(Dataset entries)
- - - -
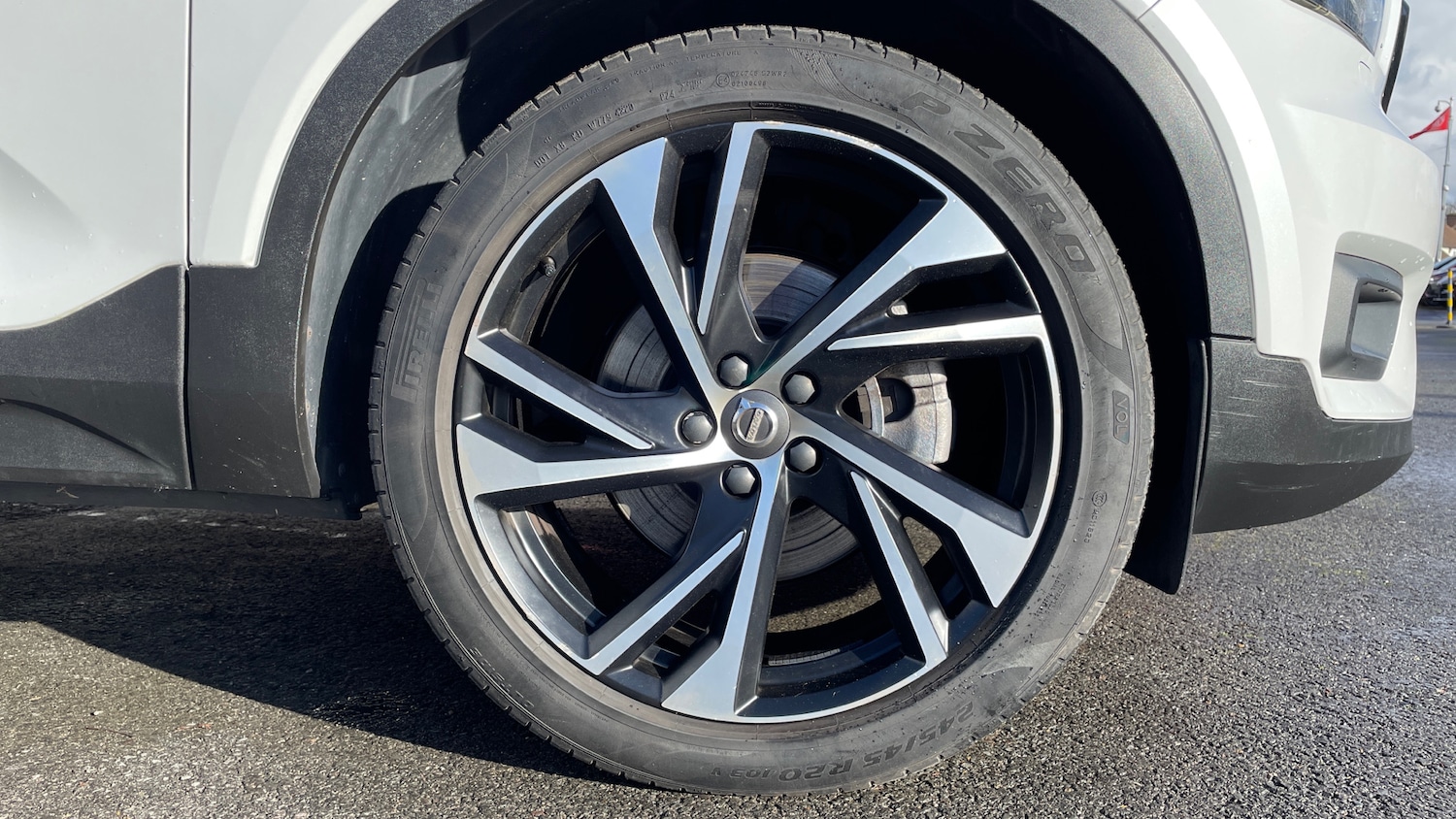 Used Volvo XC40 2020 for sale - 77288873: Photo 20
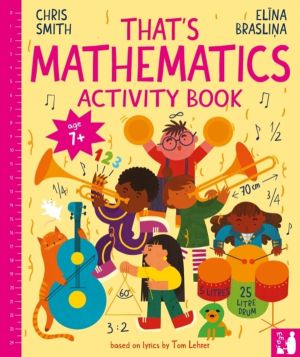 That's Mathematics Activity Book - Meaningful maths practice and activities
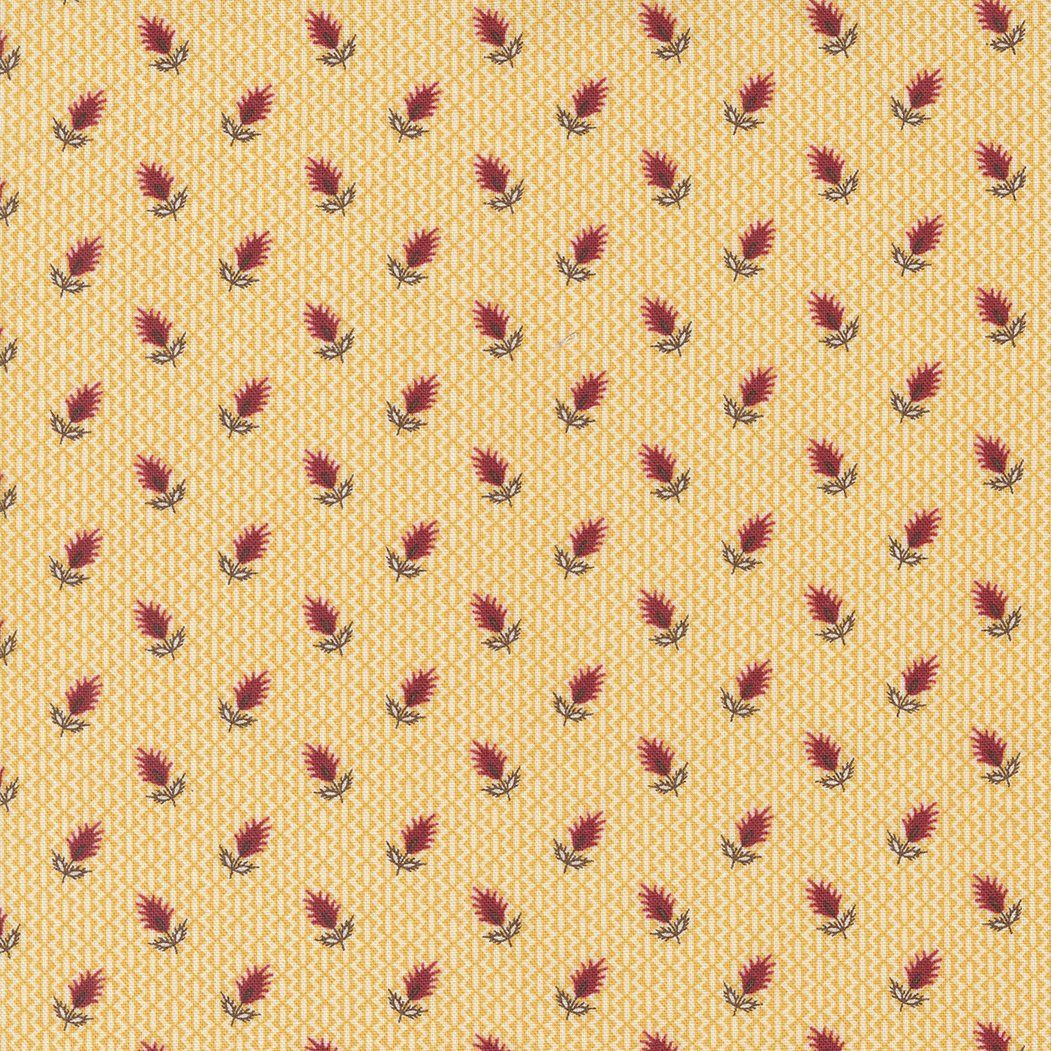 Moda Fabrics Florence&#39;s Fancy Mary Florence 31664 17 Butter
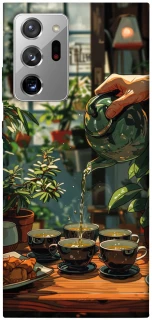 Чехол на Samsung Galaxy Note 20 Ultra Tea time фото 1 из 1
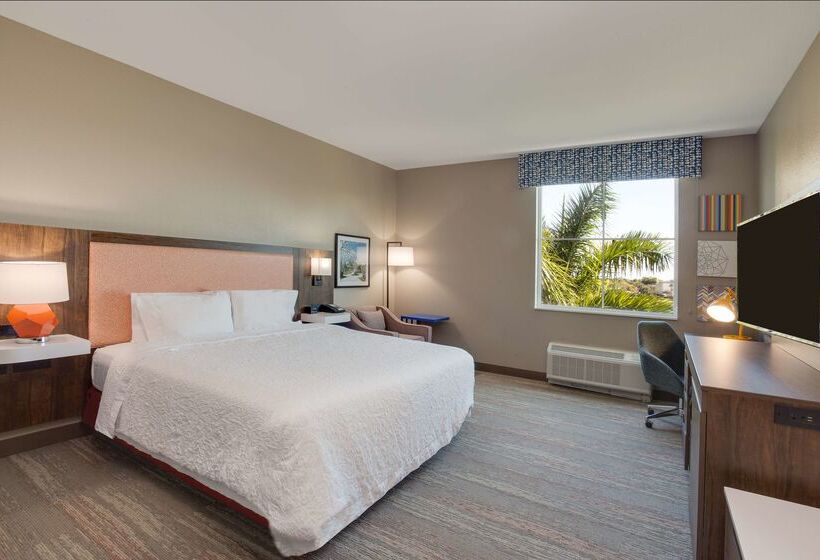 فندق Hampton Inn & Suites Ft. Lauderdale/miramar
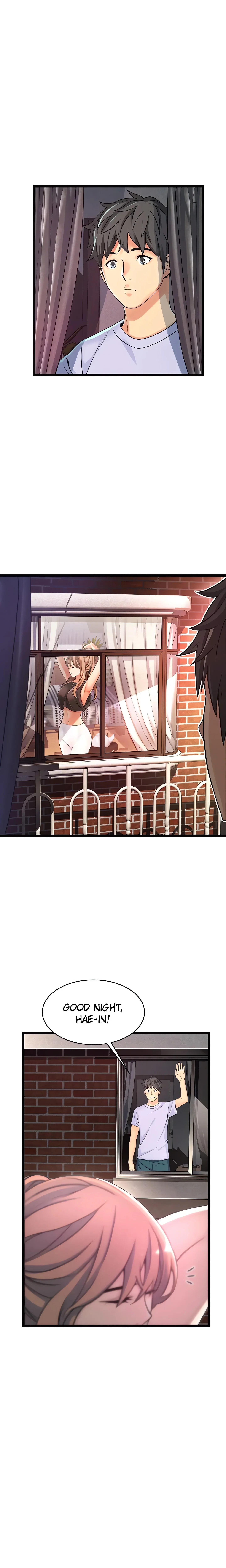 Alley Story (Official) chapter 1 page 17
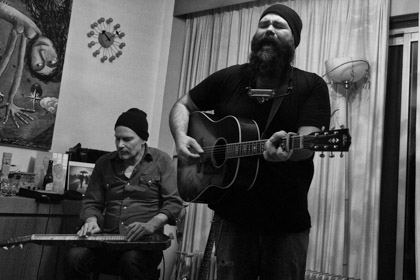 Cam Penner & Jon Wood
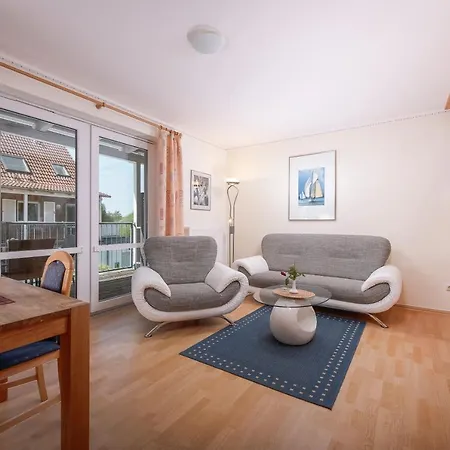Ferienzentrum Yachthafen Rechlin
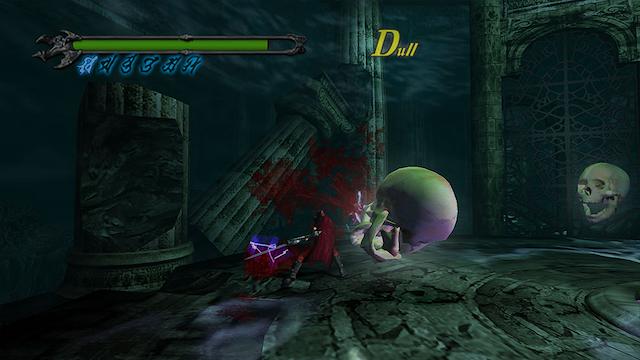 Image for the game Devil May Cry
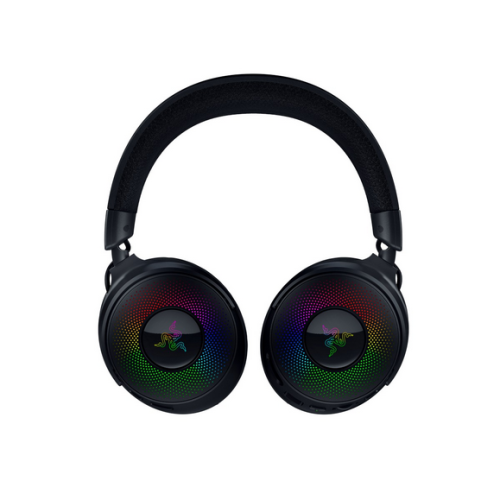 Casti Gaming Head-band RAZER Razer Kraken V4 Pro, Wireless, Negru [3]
- - - -
● **What is being asked**
Print the lines from the one that contains "Moda Fabrics Florence&#39;s" through the last line of the data, exactly and in full, and no other lines. Pictures are not part of the copy.

● **Output**
 Moda Fabrics Florence&#39;s Fancy Mary Florence 31664 17 Butter
 Чехол на Samsung Galaxy Note 20 Ultra Tea time фото 1 из 1
 فندق Hampton Inn & Suites Ft. Lauderdale/miramar
 Alley Story (Official) chapter 1 page 17
 Cam Penner & Jon Wood
Ferienzentrum Yachthafen Rechlin
 Image for the game Devil May Cry
 Casti Gaming Head-band RAZER Razer Kraken V4 Pro, Wireless, Negru [3]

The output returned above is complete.